**Work request**
Nothing but the lines below from the one that contains "Image result for" through the one that contains "Triumph Minimizer-BH Ladyform" should be retyped, exactly and including both ends. Do not include pictures.

**Data shown**
########

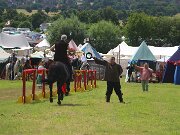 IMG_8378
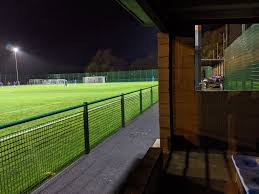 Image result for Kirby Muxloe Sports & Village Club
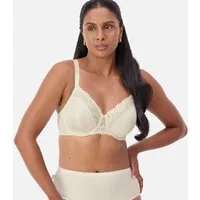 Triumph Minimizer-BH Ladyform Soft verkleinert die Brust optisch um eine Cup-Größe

########

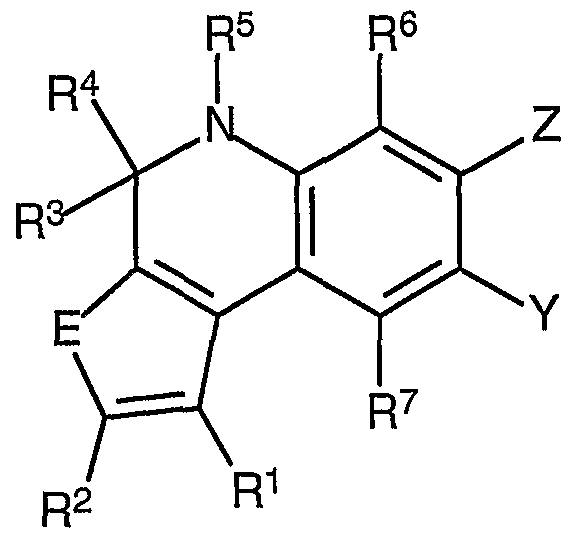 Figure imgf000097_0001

########

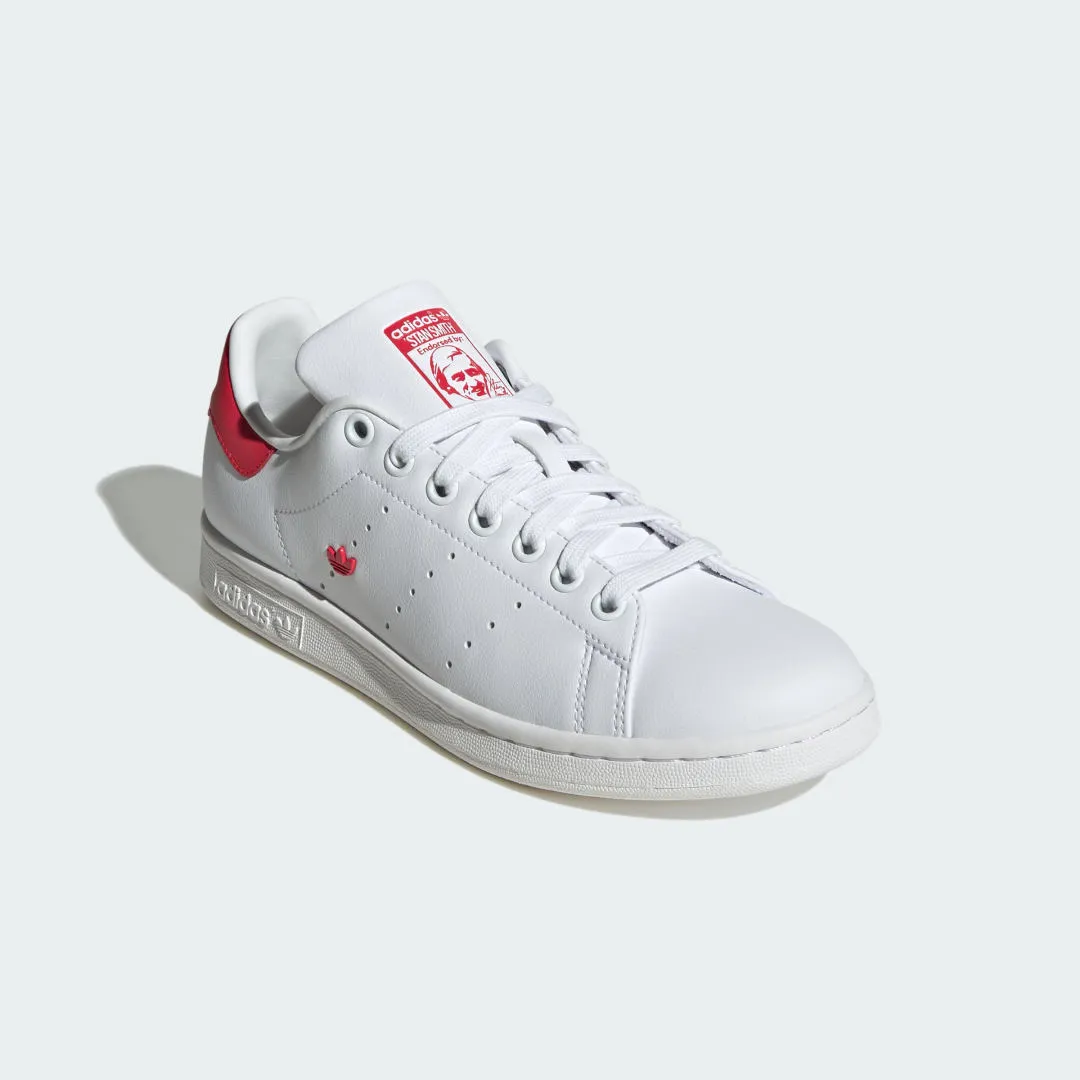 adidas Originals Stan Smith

########

**Written response**
 Image result for Kirby Muxloe Sports & Village Club
 Triumph Minimizer-BH Ladyform Soft verkleinert die Brust optisch um eine Cup-Größe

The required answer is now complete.